Prosesi yang tak lazim ini sendiri merupakan kesepakatan dari warga Padukuhan Kayubimo khususnya kepada warganya yang meninggal dunia secara tak lazim, khususnya bunuh diri. Mereka menganggap para pelaku gantung diri tidak pantas disucikan sebagai bentuk sanksi sosial. Warga perlu memberikan sanksi sosial agar nantinya warga setempat berpikir dua kali untuk melakukan aksi nekat.
Dukuh Kayu Bimo, Sutino mengatakan bahwa tradisi pemakaman pelaku gantung diri tanpa dikafani dan dimandikan tercetus tiga tahun lalu. Tepatnya saat salah seorang warga Kayu Bimo meninggal karena gantung diri.
“Dulu sekitar tiga tahun lalu ada warga kami yang gantung diri dan prosesi pemakamannya disucikan dulu.

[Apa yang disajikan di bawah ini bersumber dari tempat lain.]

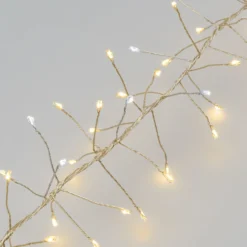 Festone di Luce argento 10 m, 800 microled bianco caldo e bianco freddo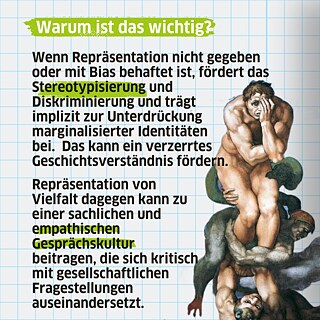 Wenn Repräsentation nicht gegeben oder mit Bias behaftet ist, fördert das Stereotypisierung und  Diskriminierung und trägt  implizit zur Unterdrückung marginalisierter Identitäten bei. Das kann ein verzerrtes Geschichtsverständnis fördern. Repräsentation von Vielfalt dagegen kann zu einer sachlichen und empathischen Gesprächskultur beitragen, die sich kritisch mit gesellschaftlichen Fragestellungen auseinandersetzt. 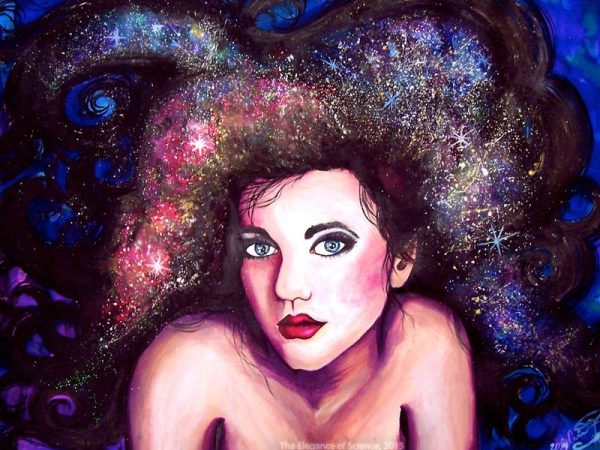 painting of woman blending in to a galaxy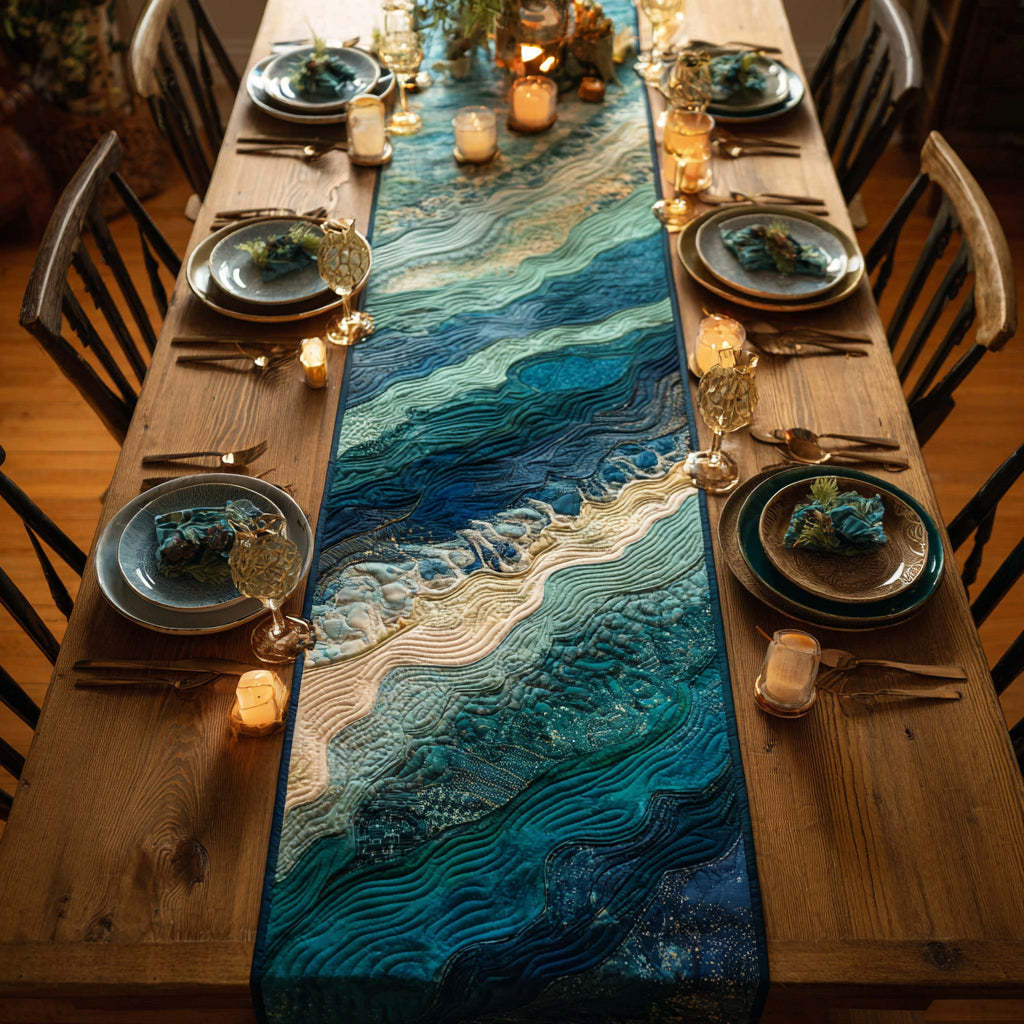 Azure Ocean Quilted Table Runner NCU0HNH382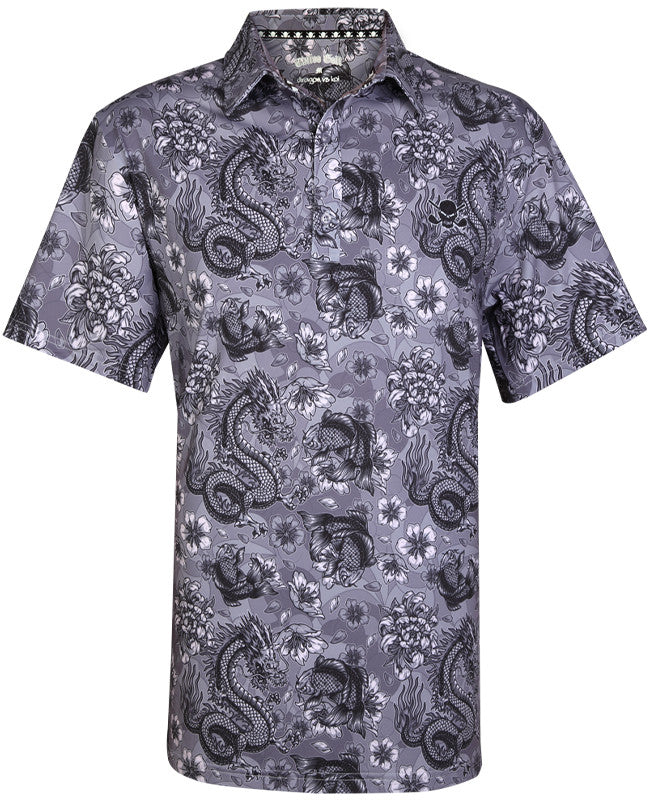 Dragon vs Koi Cool Stretch Golf Shirt | Grey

Tapi setelah itu malah jadi polemik dan gejolak warga,” kata Sutino kepada pidjar-com-525357.hostingersite.com, Jumat (02/11/2018) kemarin.
Ia menjelaskan, warga menganggap, orang yang matinya tidak normal atau bunuh diri sebenarnya tidak perlu disucikan maupun diberi kain kafan. Selain itu, warga juga sepakat untuk tidak memasukan pelaku bunuh diri ke rumah duka.







“Hal ini disepakati warga Kayu Bimo sampai sekarang,” imbuhnya.
Ia menceritakan, pemakaman terhadap pelaku gantung diri, Pawiro Karno pada beberapa hari lalu menggunakan adat tersebut. Ia juga mengatakan tidak ada penolakan dari pihak keluarga maupun masyarakat setempat.
“Saya yang bilangin ke keluarganya, dan keluarga mempersilahkan untuk dimakamkan seperti itu. Di padukuhan lain yang ada di Tanjungsari juga seperti itu kalau makamkan orang gantung diri, tapi kemarin itu kebetulan terjadi di Kayu Bimo,” ujarnya.
Namun demikian, dirinya tidak menampik adanya warga luar Padukuhan yang tidak sepaham dengan kesepakatan itu. Akan tetapi, Sutino beranggapan bahwa perlakuan ini sudah menjadi adat yang disepakati masyarakat bersama.
Selain prosesi pemakaman yang terbilang tak lazim, tempat yang digunakan untuk gantung diri beserta barang-barang milik pelaku bunuh diri turut dibersihkan dengan cara dibakar. Menurut Sutino, hal itu dipercayai mampu menjauhkan kawasan Kayu Bimo dari pulung gantung.
“Gantung dirinya kan di kandang, kemarin sudah dirobohkan dan kayu untuk mengaitkan tali tampar itu dibakar semua. Baju dan kasur juga dibakar biar barang itu (Pulung gantung) tidak datang lagi,” ucapnya.
Sutino menjelaskan, alasan disepakatinya adat tersebut adalah sebagai saksi sosial terhadap pelaku bunuh diri. Selain itu juga sebagai peringatan agar warga tidak melakukan tindakan serupa.
Sementara itu, salah satu keluarga pelaku bunuh diri, Murwanti mengaku menyetujui proses pemakaman tersebut. Mengingat hal itu merupakan hasil kesepakatan bersama warga Kayu Bimo.
“Keluarga nurut saja apa yang disarankan pak Dukuh, memang sebaiknya seperti itu (dimakamkan tanpa disucikan karena tidak normal meninggalnya). Kalau ditanya ikhlas ya diikhlas-ikhlaskan saja,” ujarnya.